Margaret was silent for a moment or two; but then she said--
"How do you wish me then to behave to him when we meet, as must often be the case, I suppose? He will certainly ask me to dance, and then I shall not know how to act after what you have said."
"The customs of society, my dear child, will prevent your refusing to dance with him, unless engaged to another," her father replied; "but I should wish you to be as often engaged as possible, and not to suffer any approach to intimacy that you can avoid."
Margaret to the best of her abilities followed the directions of her father; but she met Sir John Fleetwood often--she danced with him often; and, with the best intentions in the world, what between nervous doubts as to how she should behave on her part, and skill, boldness, and experience upon his, he did not want opportunities of making progress in her regard. Margaret therefore remained unmarried, and reached her twenty-fourth year single, but less blessed than she might well have expected to be.

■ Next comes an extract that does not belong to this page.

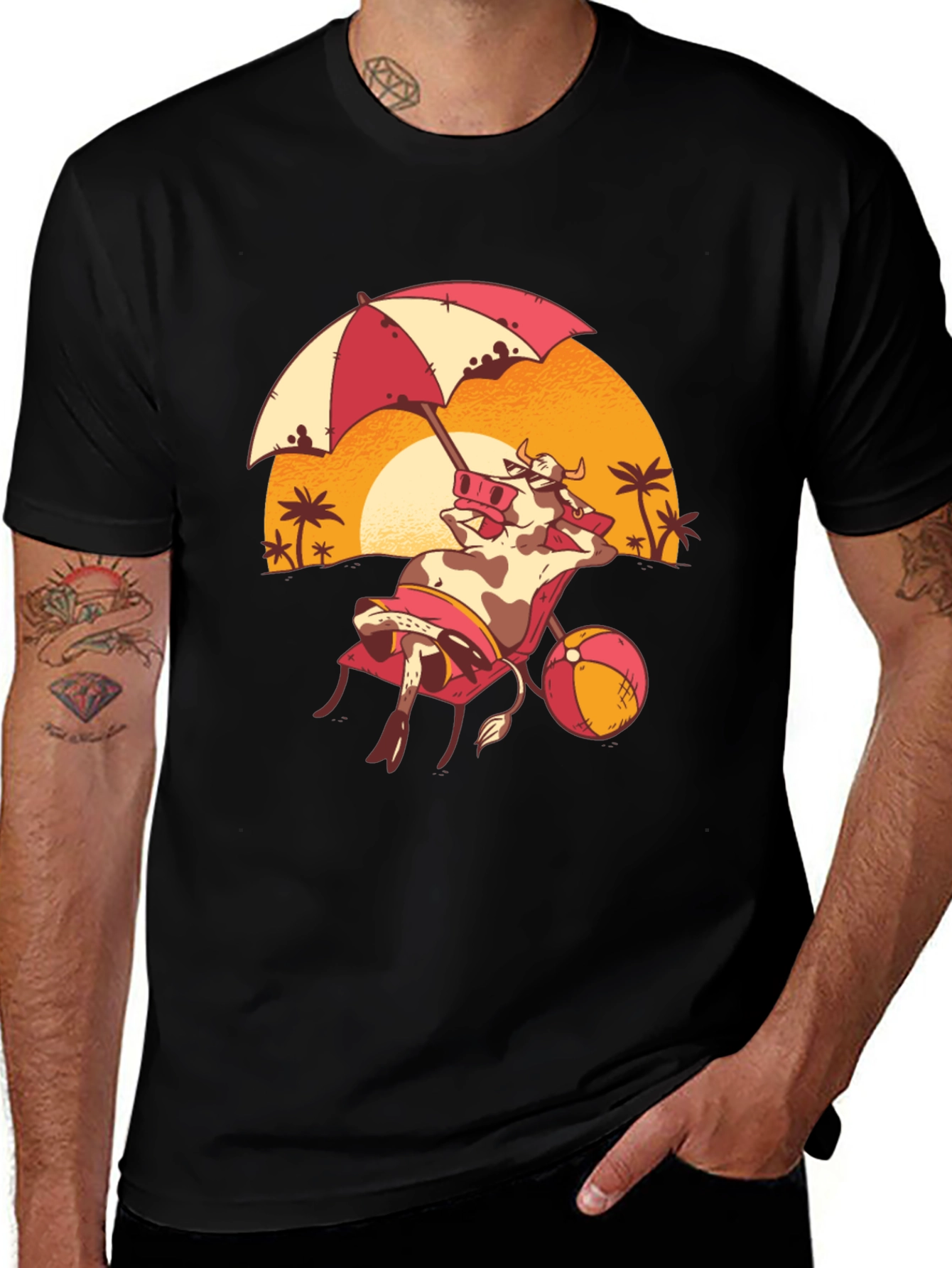 Funny Cow Beach T-Shirt - Summer Vacation Tee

Two days after her birthday, her father went out to ride in Hyde Park; his horse took fright, ran away, and threw him. Mr. Scriven was brought home little more than an hour after he had set out, with a compound fracture of the thigh. The surgeons said that, with his strong constitution and equable temper, there was no danger; and Mr. Scriven's spirits did not in the least give way. Three or four days after, however, mortification appeared; and he then with perfect calmness informed the medical men that he felt his life was drawing to a close. They endeavoured to persuade him that such was not the case, but there are internal sensations not to be mistaken; and Mr. Scriven sent for his lawyer, and a young gentleman of the name of Hayley, who had been placed in his counting-house some seven or eight years before, by highly respectable but not wealthy relations. Mr. Hayley had conducted himself remarkably well, and had risen to be the chief clerk of Mr. Scriven's house.